Two other verses, 2 Corinthians 4:10-11, also speak of the body and the flesh: “Always bearing about in the body the putting to death of Jesus, that the life also of Jesus might be manifested in our body. For we who live are always being delivered unto death for Jesus’ sake, that the life also of Jesus might be manifested in our mortal flesh.” These two verses refer to the same thing: that the life of Jesus might be manifested. Verse 10 says that the life of Jesus might be manifested in our body, and verse 11 says that the life of Jesus might be manifested in our mortal flesh. Here you have to admit that body and flesh are synonyms referring to the same thing. But whenever you would consider these two as synonyms referring to the same thing, you must add a word: death or dead or mortal. For example, in Romans 8:10, it says that the body is dead. In 2 Corinthians 4:11, it says the mortal flesh. Mortal means dying or death.
Then Romans 8:11 speaks of mortal bodies. This means that without the designation of death, the body is not a synonym with the flesh. The body is the body created by God; flesh is something corrupted. God did not create a flesh; He only created a body. But Satan came into the members of this body. Romans 7:23 tells us clearly that the law of sin is in the members of our body. When Adam ate the fruit of the tree of the knowledge of good and evil, that fruit entered into the members of his body. Whatever we eat enters into the members of our body. When it enters into the members of our body, it enters into our body, because our body is composed with the members. So the body is created by God, but sin as a personified matter, Satan himself, entered into man, into his body. Since then man’s body created by God became corrupted and ruined. That corrupted and ruined body is the flesh. The body originally created by God is not dead, but the corrupted body is dead. The dead body which is corrupted is flesh.

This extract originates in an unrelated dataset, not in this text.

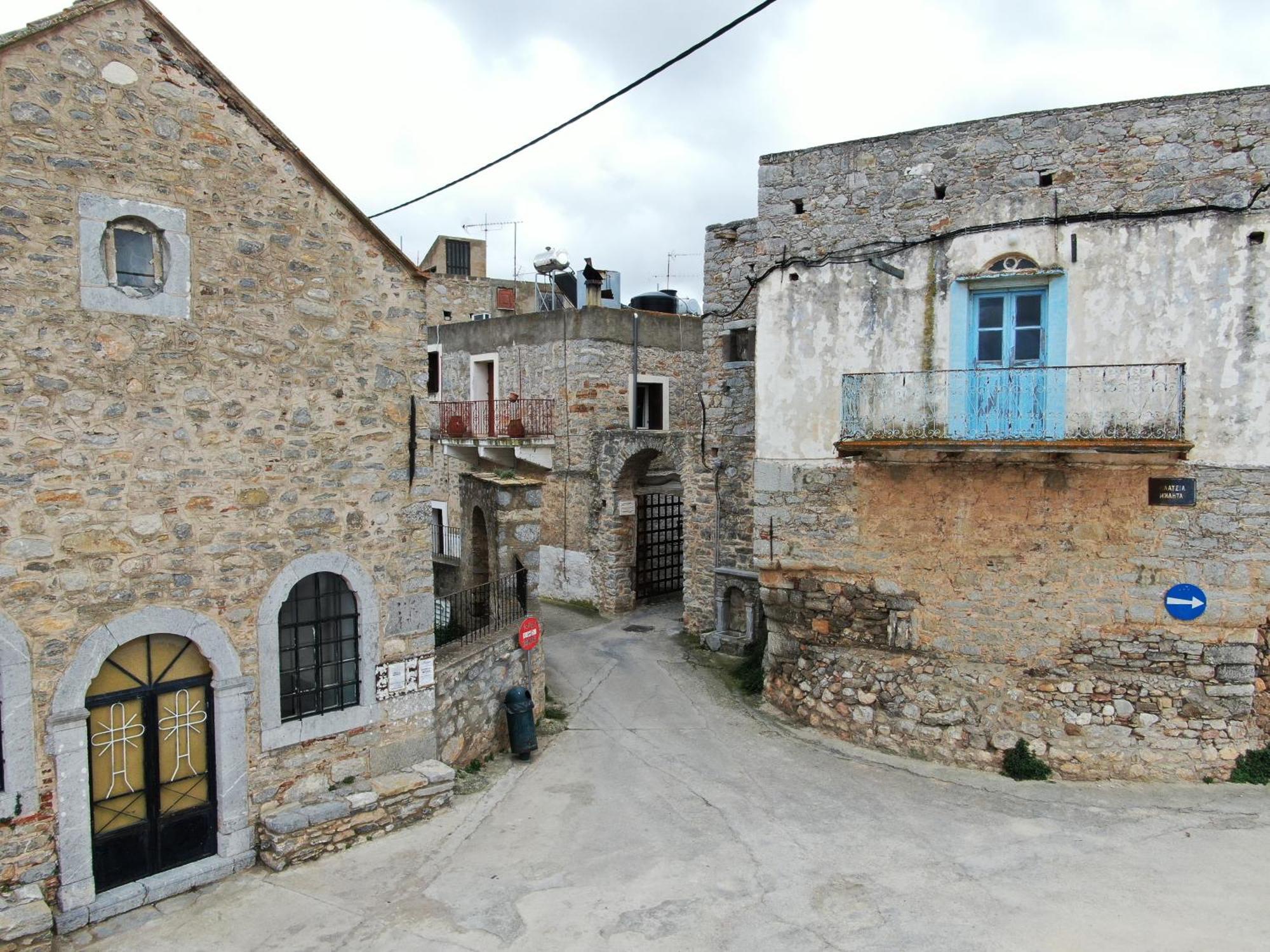 Byzantine Home In The Castle Mestá Extérieur photo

Romans 8:3-9 are a full description of the flesh. If you would know what is the flesh, you have to know these seven verses. Many Christians who read these seven verses, however, haven’t seen the description of the flesh. They read the verses, but they don’t see the real central figure. They don’t see the personified person. In those seven verses, the writer speaks of the flesh again and again, but when he comes to verse 10 he suddenly interchangeably uses another word for flesh—the dead body or the mortal body. It is not the created body. The created body is not dead; the created body is very good. But the mortal body is the corrupted one. This mortal and corrupted body has another term, which is its proper term. That is the flesh. Flesh is the proper term for the dead body, because the dead body is flesh. The mortal body is flesh. You have to realize that if our body had never been ruined and corrupted, our body would not be mortal and our body could never be dead. It is not the good body created by God that is synonymous with the flesh, but it is the mortal body, the dead body, that is a synonym to the flesh.